Work request:
Verbatim copy, pictures excluded: every line from the one with "IHC image of" through the final line of the data below, and no other line.

Exercise data:
=-=-=-=-=

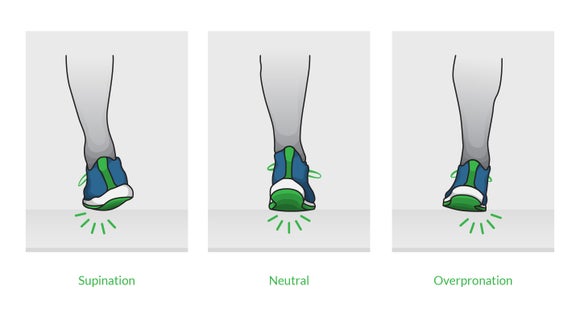 Diagram explaining supination, neutral, and overpronation.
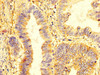 IHC image of CSB-PA012352LA01HU diluted at 1:400 and staining in paraffin-embedded human colon cancer performed on a Leica BondTM system. After dewaxing and hydration, antigen retrieval was mediated by high pressure in a citrate buffer (pH 6.0) . Section was blocked with 10% normal goat serum 30min at RT. Then primary antibody (1% BSA) was incubated at 4°C overnight. The primary is detected by a biotinylated secondary antibody and visualized using an HRP conjugated SP system.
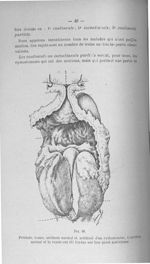 Fig. 18. Prostate, vessie, uréthres normal et artificiel d'un cystostomisé - Titres et travaux scien [...]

=-=-=-=-=

Solution for this problem:
 IHC image of CSB-PA012352LA01HU diluted at 1:400 and staining in paraffin-embedded human colon cancer performed on a Leica BondTM system. After dewaxing and hydration, antigen retrieval was mediated by high pressure in a citrate buffer (pH 6.0) . Section was blocked with 10% normal goat serum 30min at RT. Then primary antibody (1% BSA) was incubated at 4°C overnight. The primary is detected by a biotinylated secondary antibody and visualized using an HRP conjugated SP system.
 Fig. 18. Prostate, vessie, uréthres normal et artificiel d'un cystostomisé - Titres et travaux scien [...]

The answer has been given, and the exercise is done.